• Description of the task: Would you please print exactly the lines that run from the one with "Sticker Turkey team" to the last line of the data, both included, without any pictures?

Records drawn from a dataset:

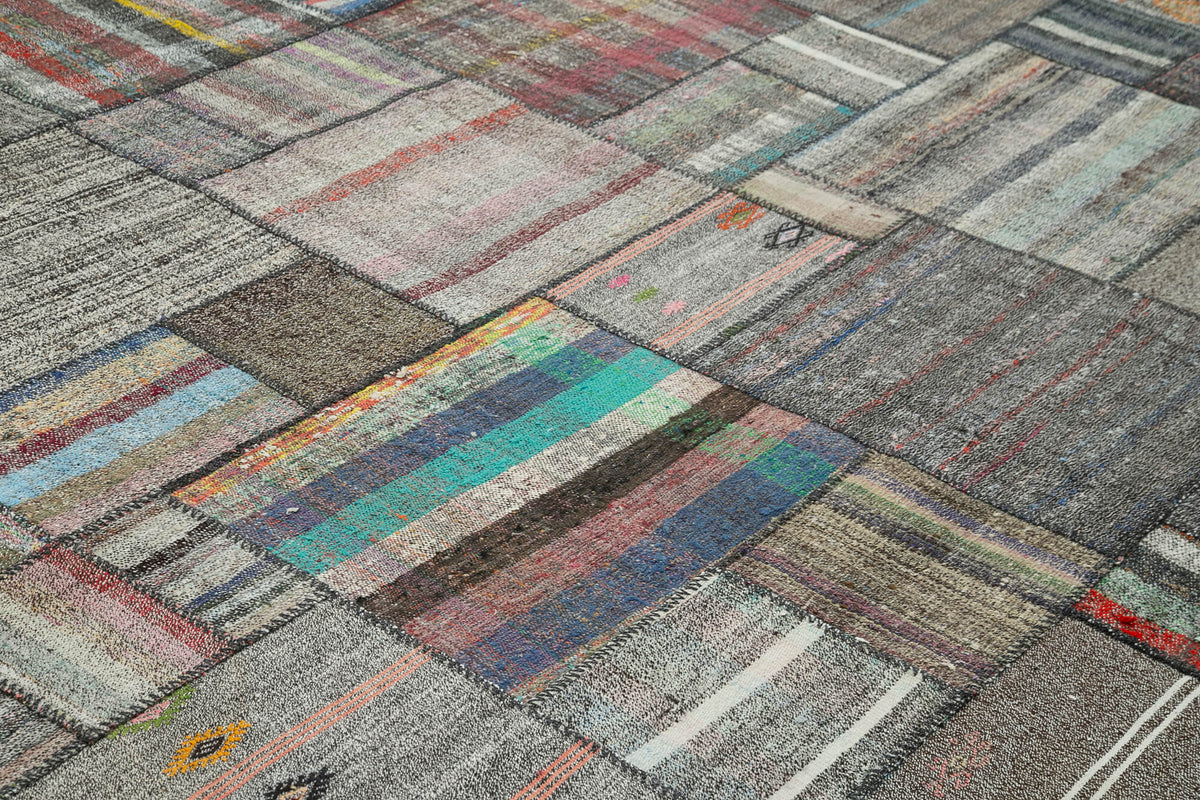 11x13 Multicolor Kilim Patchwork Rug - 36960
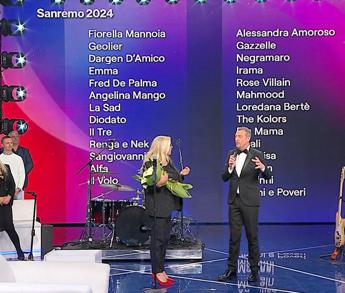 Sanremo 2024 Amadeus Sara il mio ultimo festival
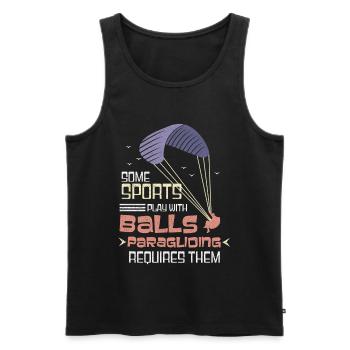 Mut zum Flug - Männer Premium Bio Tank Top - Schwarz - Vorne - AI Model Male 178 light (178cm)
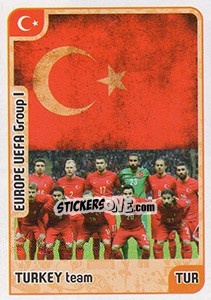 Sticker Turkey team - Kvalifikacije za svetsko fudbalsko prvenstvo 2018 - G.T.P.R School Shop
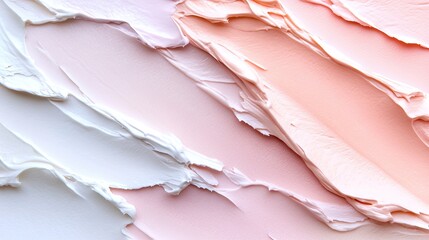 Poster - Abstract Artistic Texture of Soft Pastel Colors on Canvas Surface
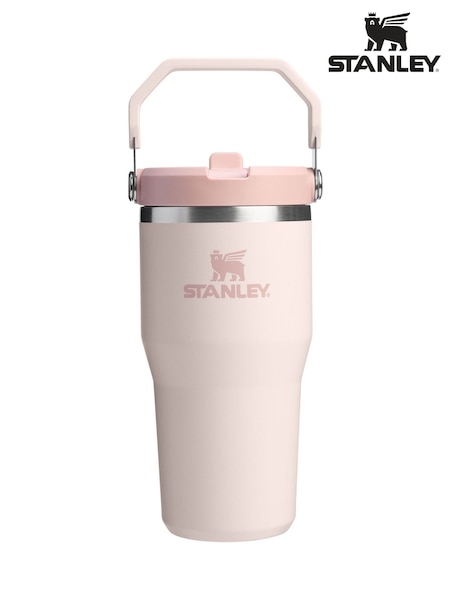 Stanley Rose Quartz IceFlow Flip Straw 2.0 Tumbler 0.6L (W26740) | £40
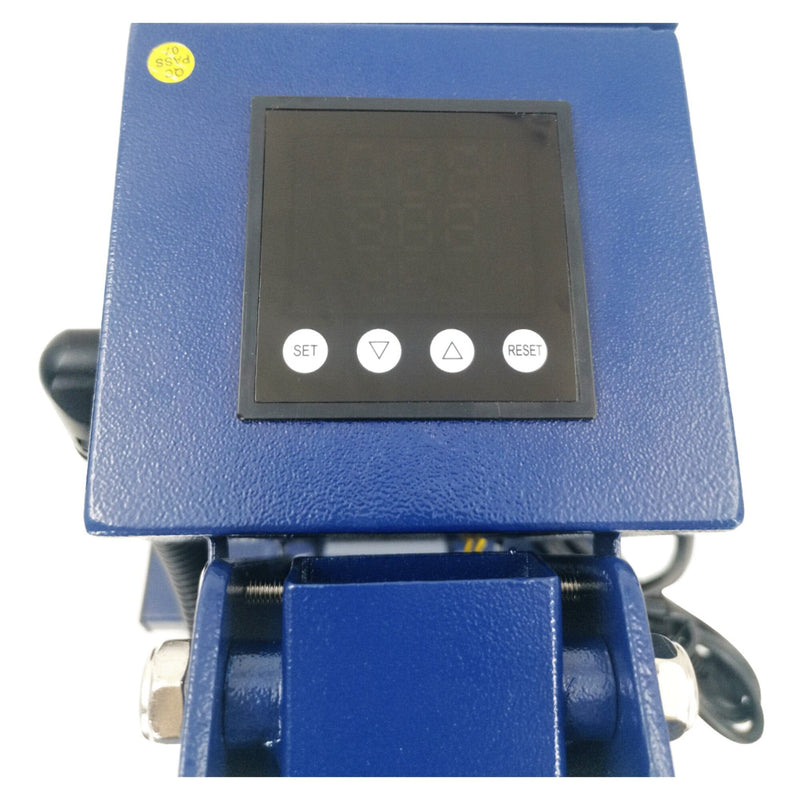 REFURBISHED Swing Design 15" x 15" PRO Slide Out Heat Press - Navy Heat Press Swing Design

• Result:
 Sticker Turkey team - Kvalifikacije za svetsko fudbalsko prvenstvo 2018 - G.T.P.R School Shop
 Poster - Abstract Artistic Texture of Soft Pastel Colors on Canvas Surface
 Stanley Rose Quartz IceFlow Flip Straw 2.0 Tumbler 0.6L (W26740) | £40
 REFURBISHED Swing Design 15" x 15" PRO Slide Out Heat Press - Navy Heat Press Swing Design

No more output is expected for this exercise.